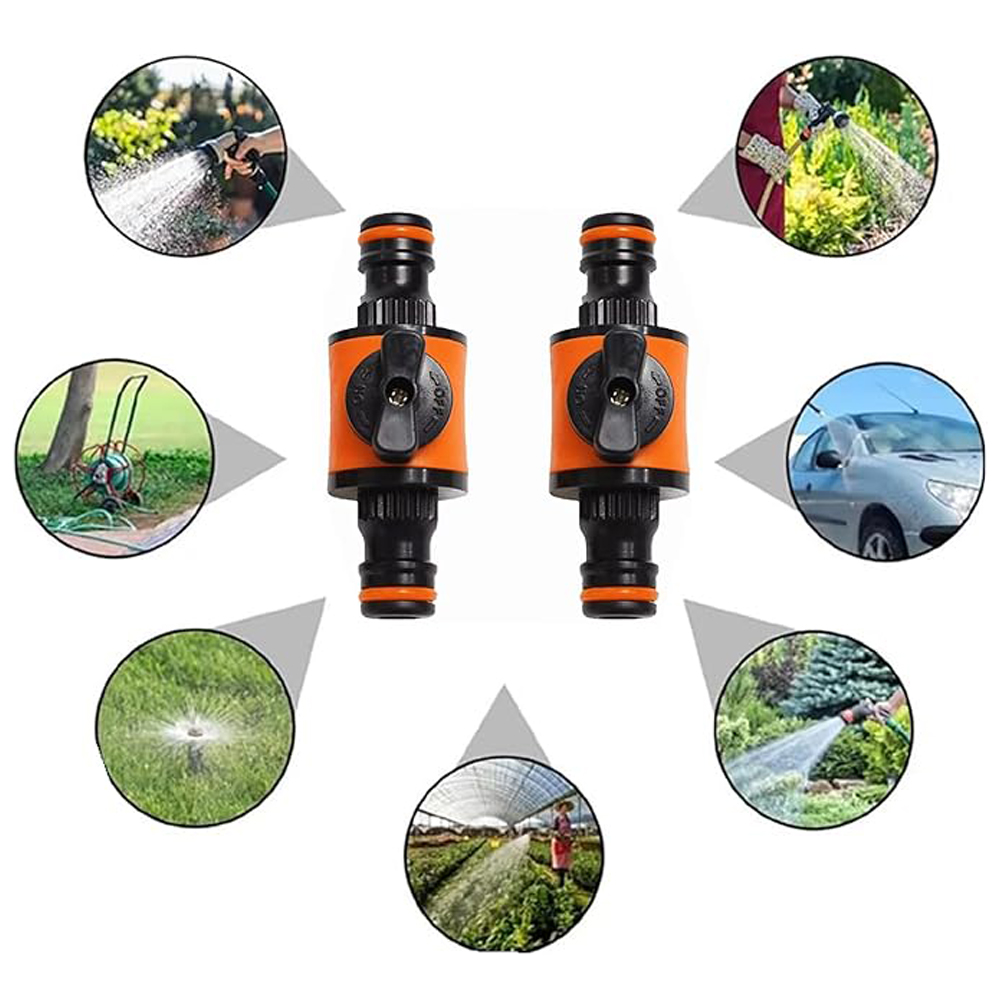 1-9Pcs Garden Hose Quick Conne - огляд і ціна Smart Garden Hose Valve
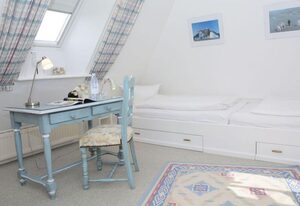 Am Heidepark, App. 5 C – Strandnahe 2-Zimmerwohnung mit ca. 50 m², für max. 3 Personen.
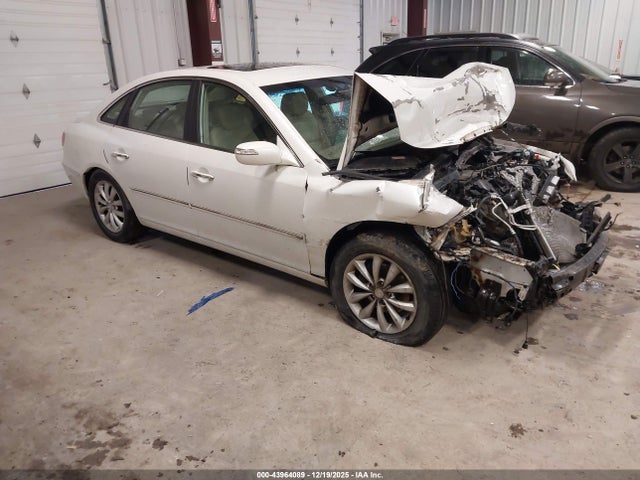 2008 HYUNDAI AZERA KMHFC46F68A273501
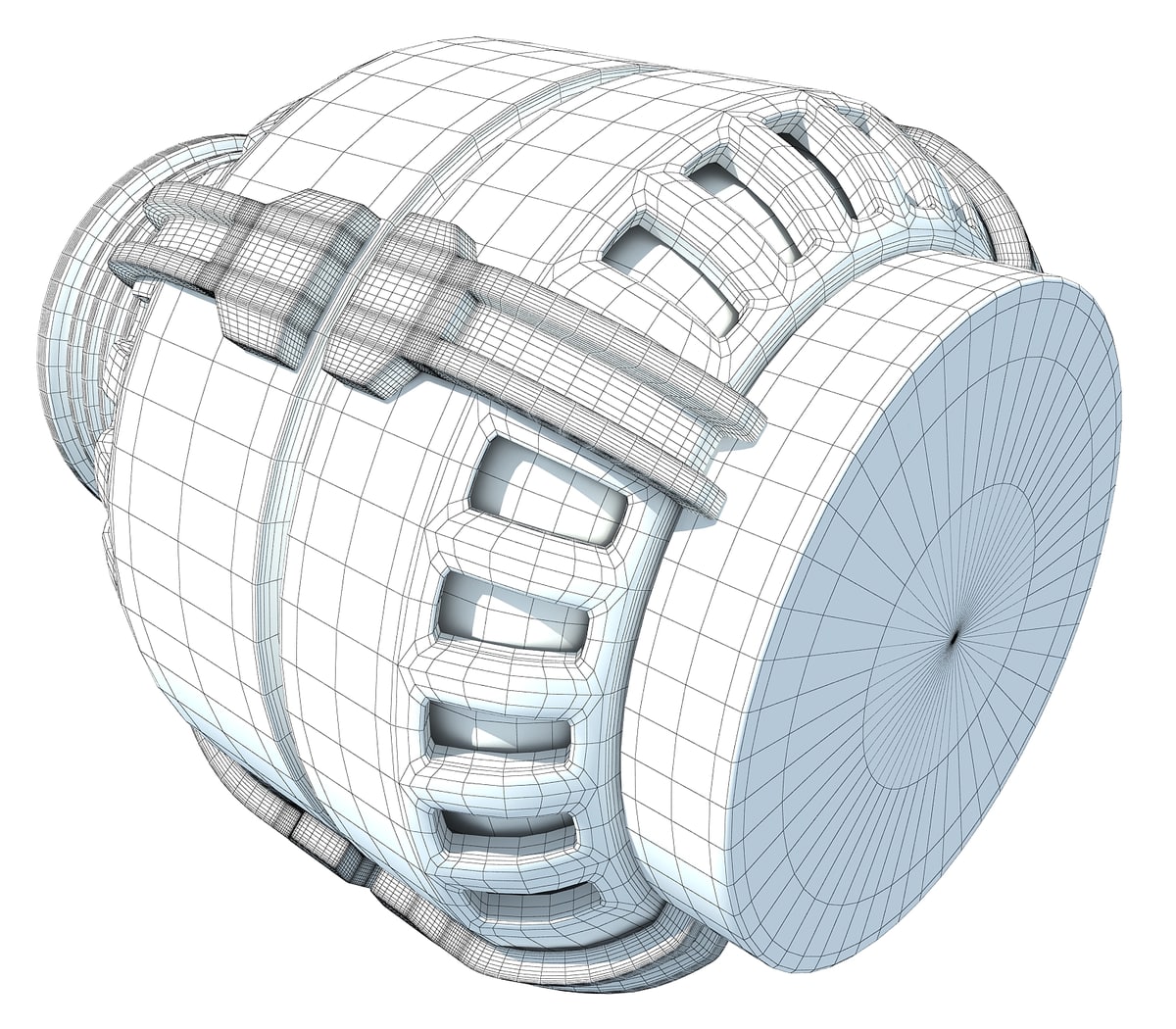 3D Alternator
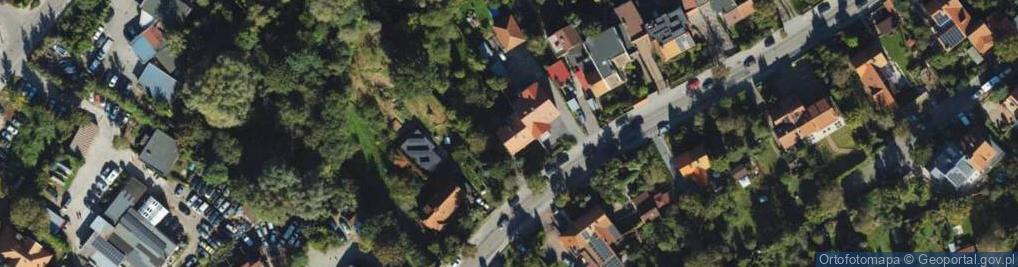 Zdjęcie satelitarne Schuberta Franciszka ul.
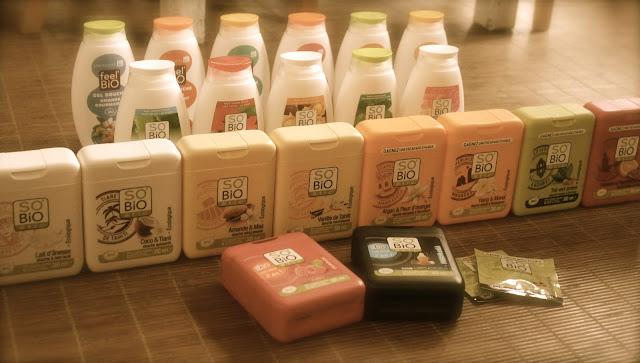 Sous ma douche avec So'Bio Etic !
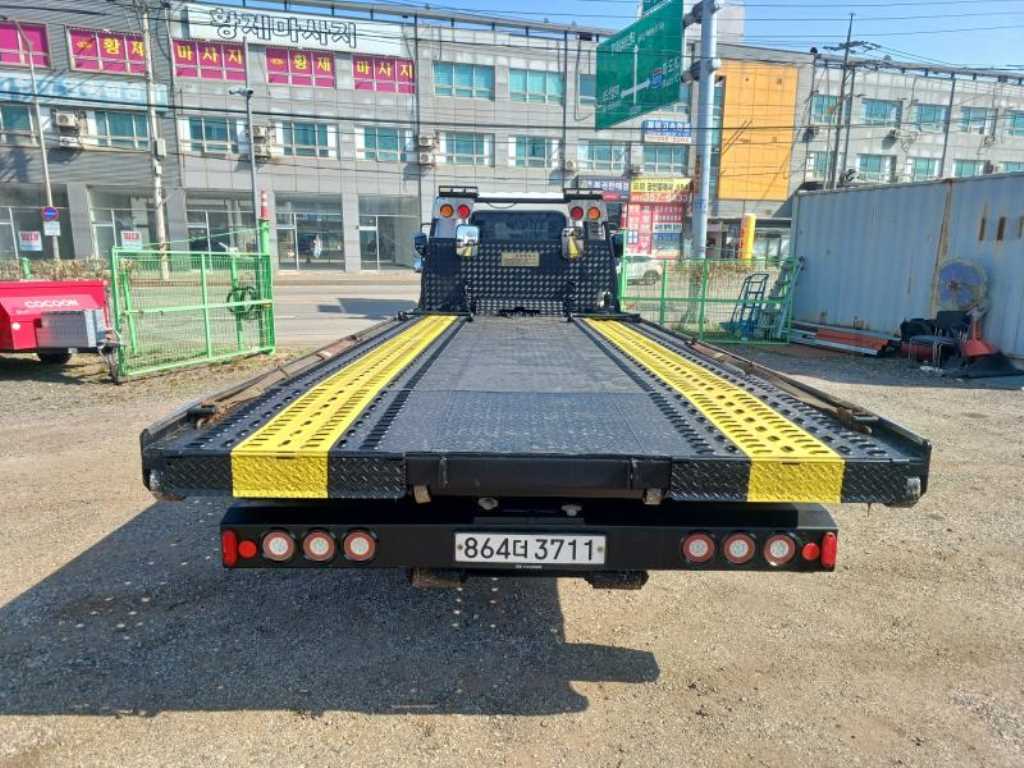 3.5톤 셀프로더 2018년식 주행 691,304km 중고 화물차 상세 이미지 4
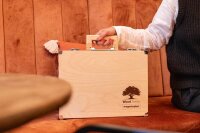 magnetoplan Moderationskoffer Wood Series 2.400 Teile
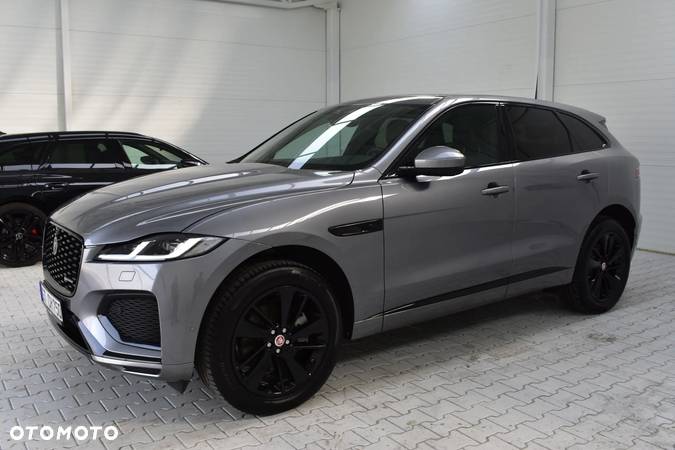 Jaguar F-Pace D200 AWD R-Dynamic Black - 7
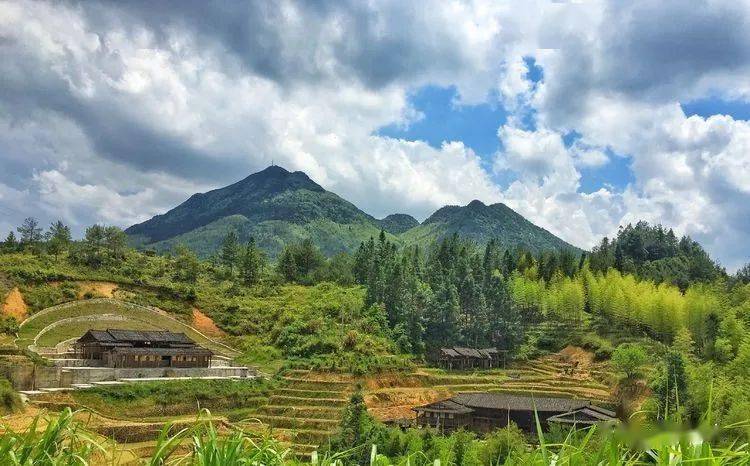 徒步大田县屏山乡玉屏村!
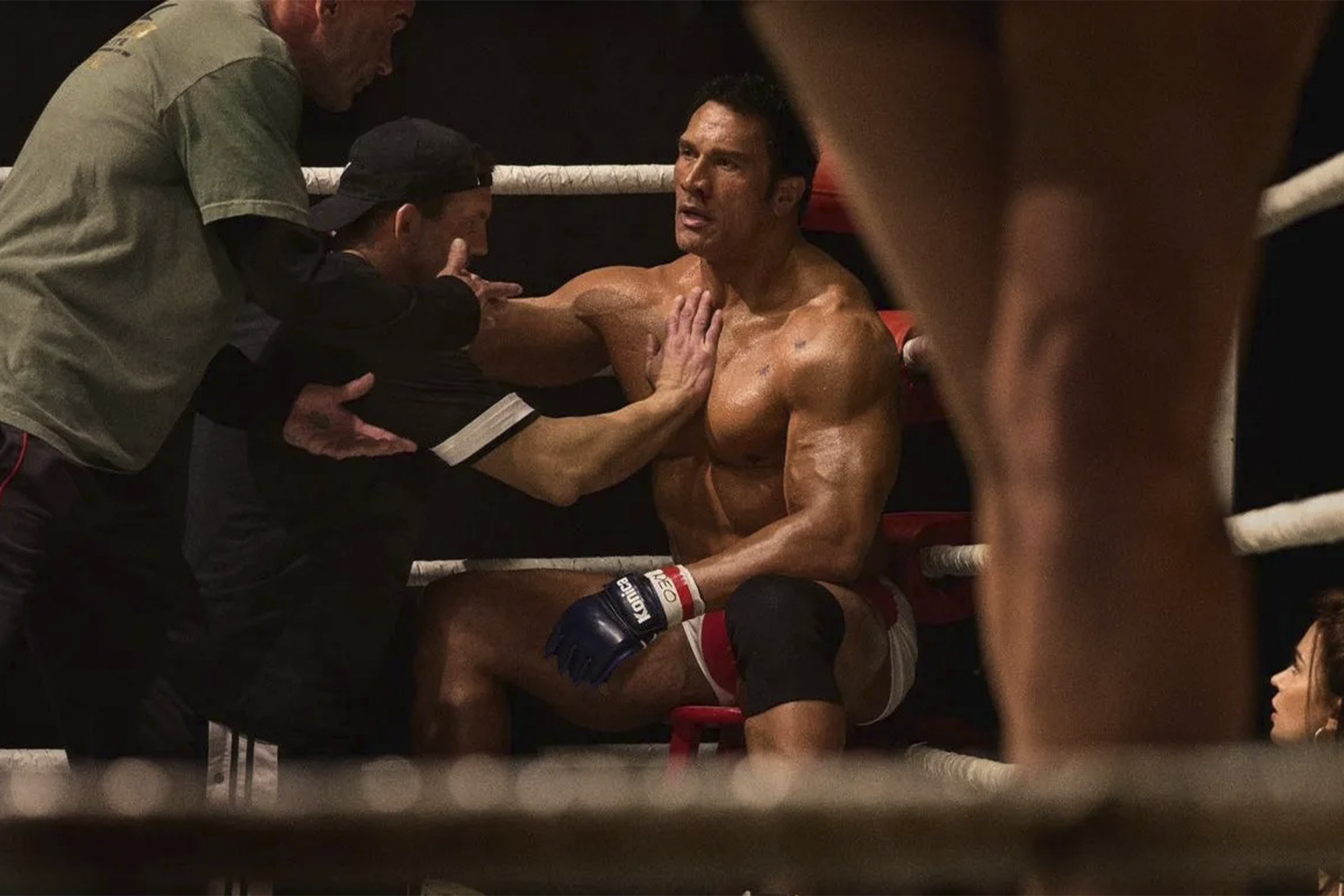 Benny Safdie’s The Smashing Machine is an upcoming biographical sports drama directed by Benny Safdie and starring Dwayne Johnson as the legendary MMA and UFC artist Mark Kerr.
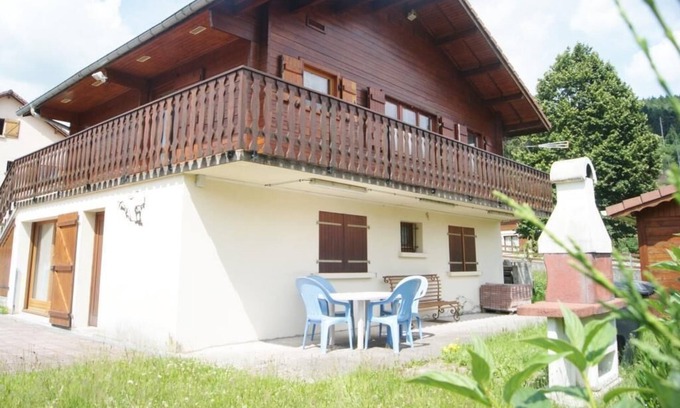 Le Tholy Ski Chalet | Independent wooden chalet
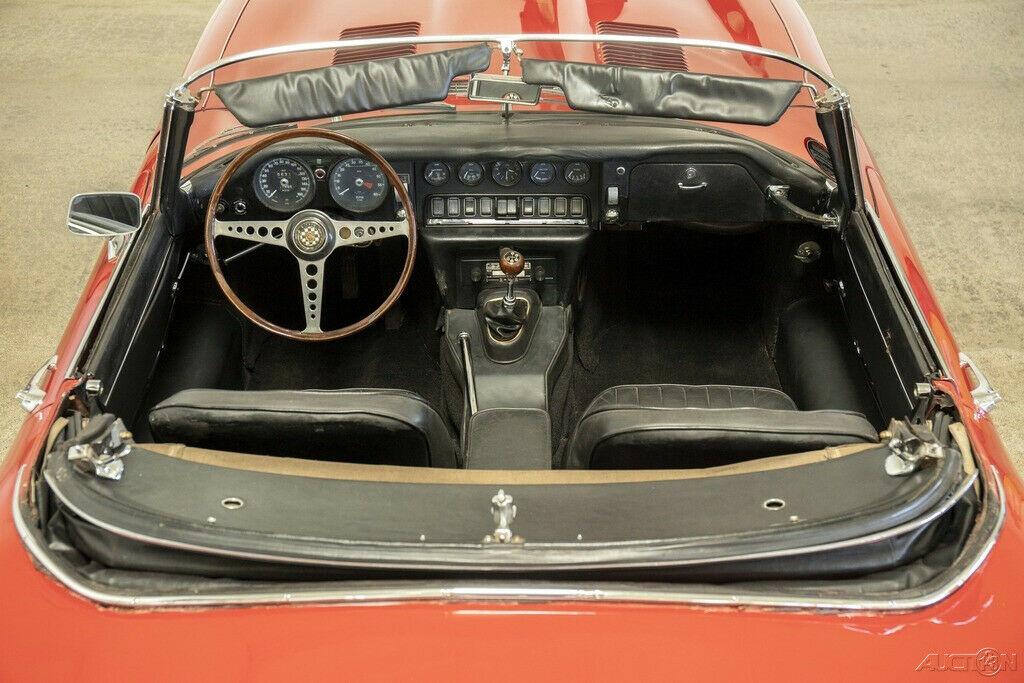 1968 Jaguar E-type S1 Roadster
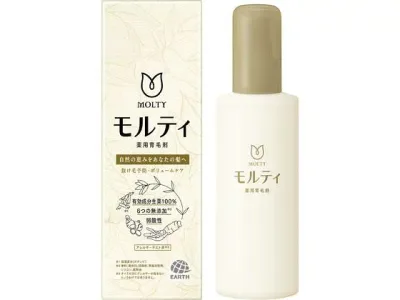 アース製薬 モルティ 薬用育毛剤 180mL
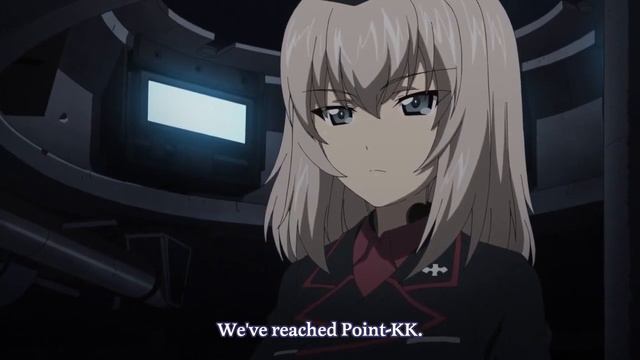 GIRLS UND PANZER ERIKA's SENSHADO смотреть онлайн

_TASK REQUIREMENTS:_
Transcribe the listing above verbatim. Omit the pictures.

_OUTPUT OF THE EXERCISE:_
 1-9Pcs Garden Hose Quick Conne - огляд і ціна Smart Garden Hose Valve
 Am Heidepark, App. 5 C – Strandnahe 2-Zimmerwohnung mit ca. 50 m², für max. 3 Personen.
 2008 HYUNDAI AZERA KMHFC46F68A273501
 3D Alternator
 Zdjęcie satelitarne Schuberta Franciszka ul.
 Sous ma douche avec So'Bio Etic !
 3.5톤 셀프로더 2018년식 주행 691,304km 중고 화물차 상세 이미지 4
 magnetoplan Moderationskoffer Wood Series 2.400 Teile
 Jaguar F-Pace D200 AWD R-Dynamic Black - 7
 徒步大田县屏山乡玉屏村!
 Benny Safdie’s The Smashing Machine is an upcoming biographical sports drama directed by Benny Safdie and starring Dwayne Johnson as the legendary MMA and UFC artist Mark Kerr.
 Le Tholy Ski Chalet | Independent wooden chalet
 1968 Jaguar E-type S1 Roadster
 アース製薬 モルティ 薬用育毛剤 180mL
 GIRLS UND PANZER ERIKA's SENSHADO смотреть онлайн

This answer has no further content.